Input records:
= = =
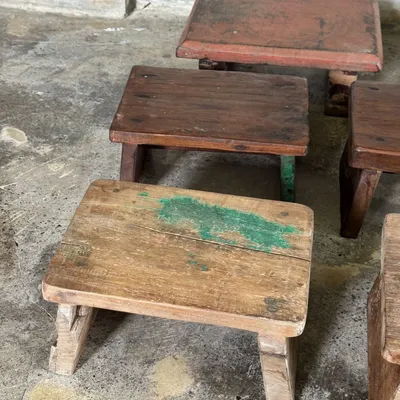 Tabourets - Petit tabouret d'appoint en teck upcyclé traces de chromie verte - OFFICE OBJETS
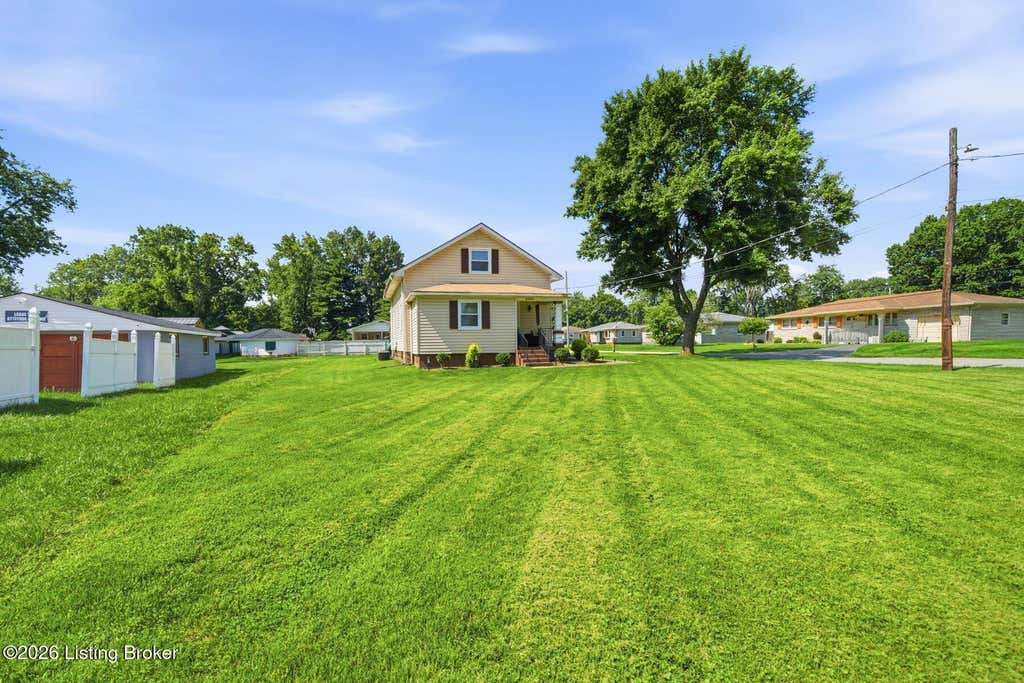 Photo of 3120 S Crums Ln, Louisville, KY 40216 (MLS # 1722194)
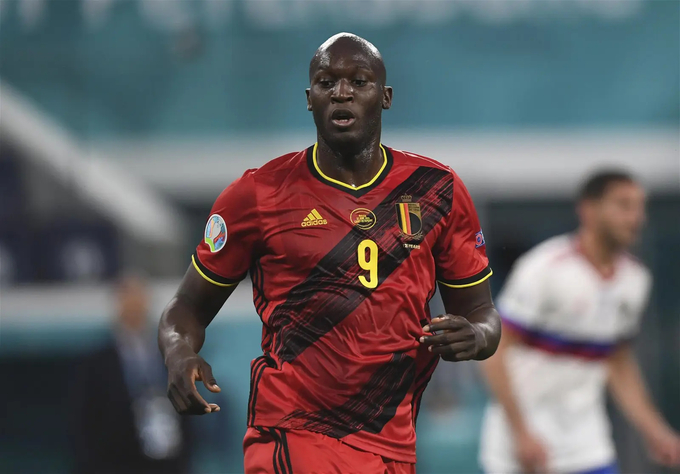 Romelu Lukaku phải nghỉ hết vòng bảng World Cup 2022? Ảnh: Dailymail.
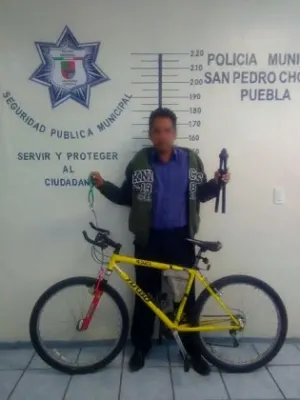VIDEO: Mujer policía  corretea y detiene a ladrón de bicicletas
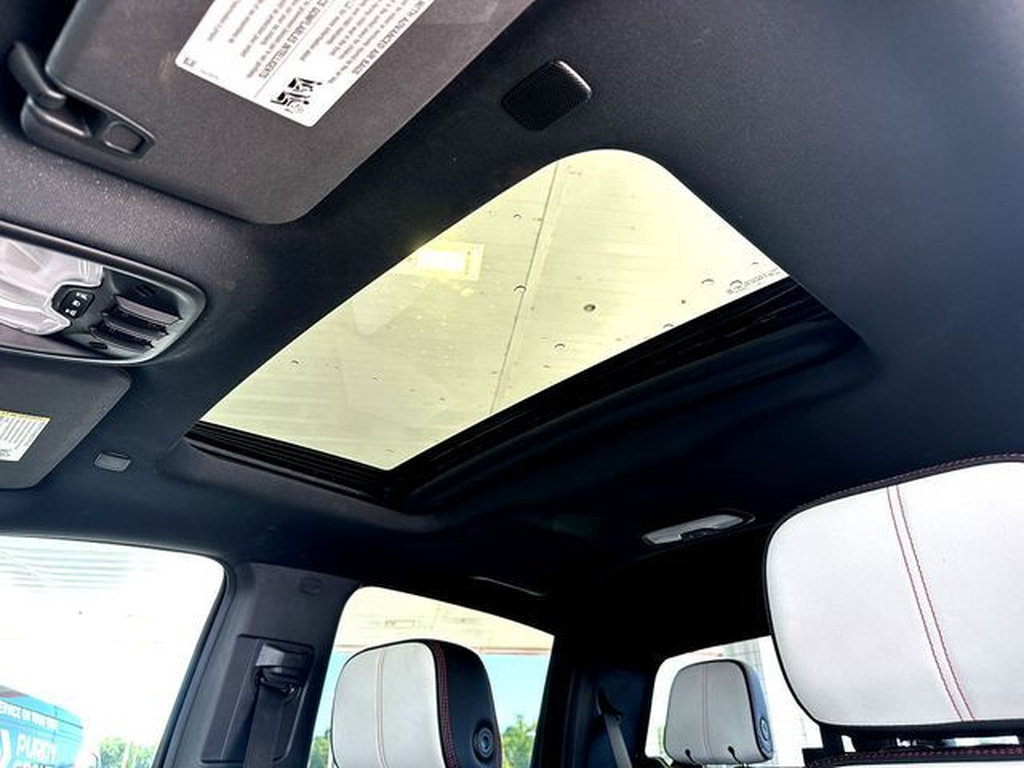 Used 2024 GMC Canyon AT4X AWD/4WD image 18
= = =
Your objective: Repeat the listing word for word, and skip every picture it contains.

Worked solution:
 Tabourets - Petit tabouret d'appoint en teck upcyclé traces de chromie verte - OFFICE OBJETS
 Photo of 3120 S Crums Ln, Louisville, KY 40216 (MLS # 1722194)
 Romelu Lukaku phải nghỉ hết vòng bảng World Cup 2022? Ảnh: Dailymail.
VIDEO: Mujer policía  corretea y detiene a ladrón de bicicletas
 Used 2024 GMC Canyon AT4X AWD/4WD image 18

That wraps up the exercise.